- GIVEN INFORMATION
————————

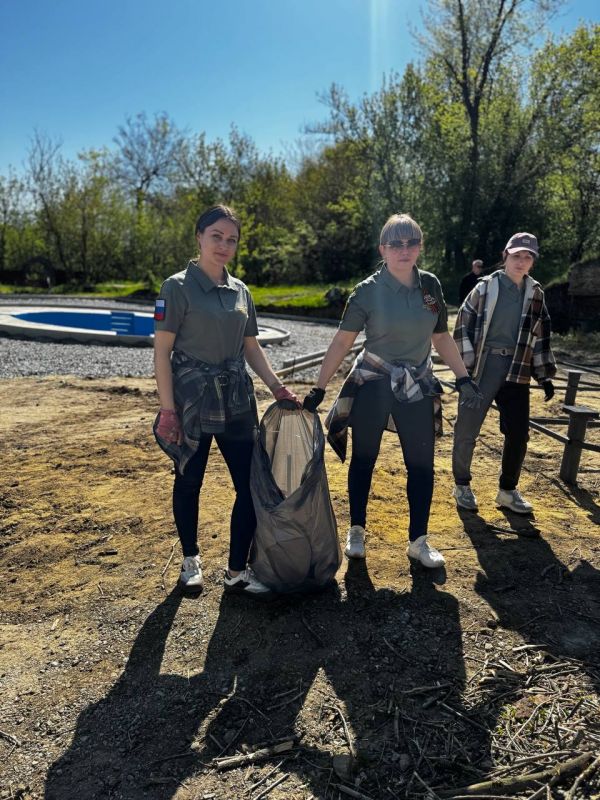 �������, 30.04.2025�., ���������� ���������������� ������ �������������� ��������� ��������� ������������� ���������� ������ ����������, ������� ����������� �� ��������������� �� ���������� ����, � ������: - ���� ���������...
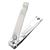 Manicare Tools Toe Nail Clippers 44700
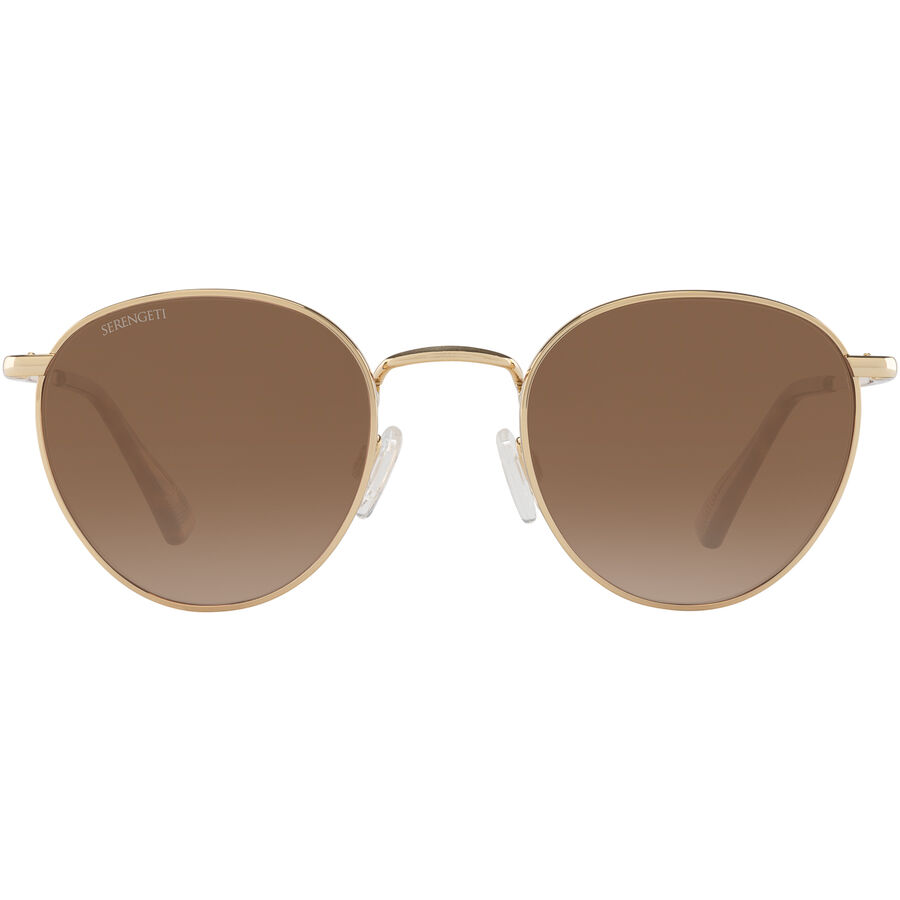 HAMEL, Gold-Mineral Polarized 555nm Blue Cat 2 to 3, hi-res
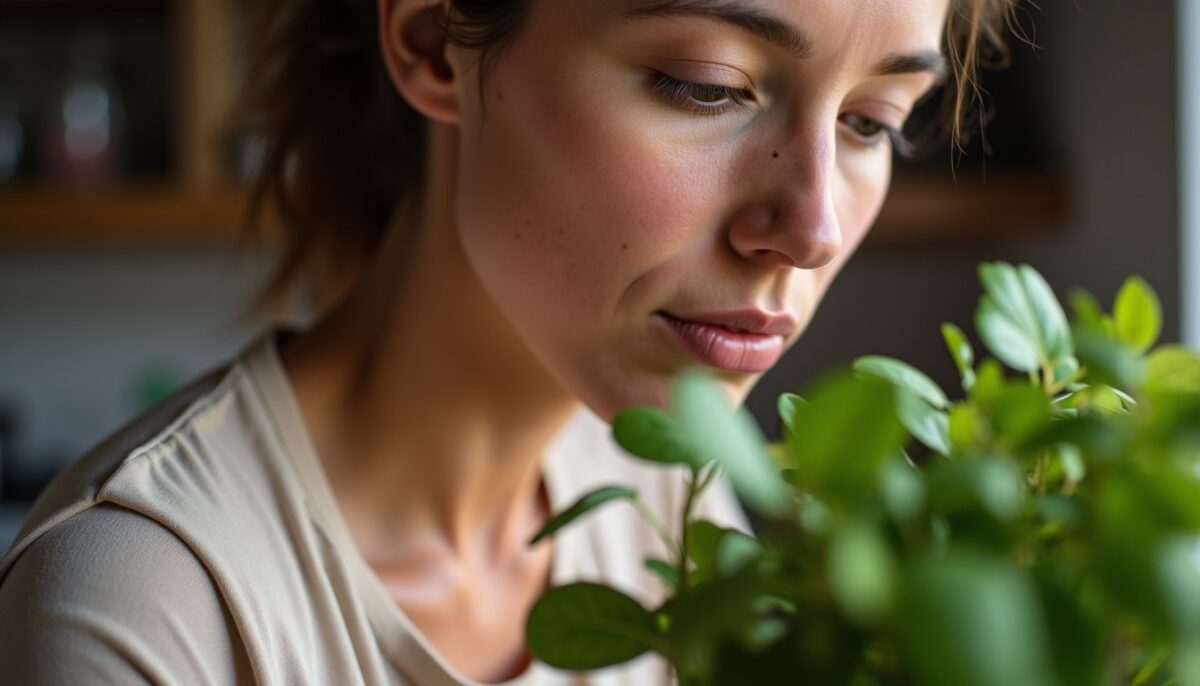 Astuces efficaces pour éliminer les moucherons de votre cuisine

————————

- WHAT THE TASK ASKS
The task calls for repeating each line above exactly while excluding the pictures.

- ANSWER TO THIS EXERCISE
 �������, 30.04.2025�., ���������� ���������������� ������ �������������� ��������� ��������� ������������� ���������� ������ ����������, ������� ����������� �� ��������������� �� ���������� ����, � ������: - ���� ���������...
 Manicare Tools Toe Nail Clippers 44700
 HAMEL, Gold-Mineral Polarized 555nm Blue Cat 2 to 3, hi-res
 Astuces efficaces pour éliminer les moucherons de votre cuisine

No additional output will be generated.